What to produce | Write out exactly the lines of the entries below, from the first through the line containing "Camellia Red Pearl", and nothing beyond them.

Exercise materials |
##############################

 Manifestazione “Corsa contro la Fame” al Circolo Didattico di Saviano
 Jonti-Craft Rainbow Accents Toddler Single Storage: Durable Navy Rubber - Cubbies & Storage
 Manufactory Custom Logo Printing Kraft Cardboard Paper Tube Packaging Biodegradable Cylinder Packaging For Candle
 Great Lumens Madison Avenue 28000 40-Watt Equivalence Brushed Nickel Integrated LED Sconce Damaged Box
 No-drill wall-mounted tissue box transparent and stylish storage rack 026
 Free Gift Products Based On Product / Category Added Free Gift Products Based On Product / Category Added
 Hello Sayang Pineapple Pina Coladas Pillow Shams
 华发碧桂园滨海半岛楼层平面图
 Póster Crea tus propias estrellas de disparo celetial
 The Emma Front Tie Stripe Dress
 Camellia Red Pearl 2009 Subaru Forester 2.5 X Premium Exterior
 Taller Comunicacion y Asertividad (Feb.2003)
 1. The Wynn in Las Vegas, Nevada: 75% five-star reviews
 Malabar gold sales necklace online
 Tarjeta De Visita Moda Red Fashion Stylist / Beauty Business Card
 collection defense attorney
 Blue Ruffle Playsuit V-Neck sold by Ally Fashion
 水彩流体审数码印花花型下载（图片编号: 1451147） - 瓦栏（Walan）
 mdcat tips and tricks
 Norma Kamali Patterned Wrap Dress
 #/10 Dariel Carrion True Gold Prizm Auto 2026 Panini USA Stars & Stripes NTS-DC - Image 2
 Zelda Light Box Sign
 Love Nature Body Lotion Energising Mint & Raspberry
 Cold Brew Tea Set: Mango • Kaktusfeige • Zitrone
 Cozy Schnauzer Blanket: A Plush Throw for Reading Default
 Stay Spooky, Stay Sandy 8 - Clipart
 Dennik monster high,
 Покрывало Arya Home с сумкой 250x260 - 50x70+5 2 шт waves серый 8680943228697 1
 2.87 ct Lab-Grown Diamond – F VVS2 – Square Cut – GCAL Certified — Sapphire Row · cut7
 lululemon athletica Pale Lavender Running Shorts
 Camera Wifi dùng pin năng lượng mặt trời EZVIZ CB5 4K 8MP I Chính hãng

##############################

Exercise solution |
 Manifestazione “Corsa contro la Fame” al Circolo Didattico di Saviano
 Jonti-Craft Rainbow Accents Toddler Single Storage: Durable Navy Rubber - Cubbies & Storage
 Manufactory Custom Logo Printing Kraft Cardboard Paper Tube Packaging Biodegradable Cylinder Packaging For Candle
 Great Lumens Madison Avenue 28000 40-Watt Equivalence Brushed Nickel Integrated LED Sconce Damaged Box
 No-drill wall-mounted tissue box transparent and stylish storage rack 026
 Free Gift Products Based On Product / Category Added Free Gift Products Based On Product / Category Added
 Hello Sayang Pineapple Pina Coladas Pillow Shams
 华发碧桂园滨海半岛楼层平面图
 Póster Crea tus propias estrellas de disparo celetial
 The Emma Front Tie Stripe Dress
 Camellia Red Pearl 2009 Subaru Forester 2.5 X Premium Exterior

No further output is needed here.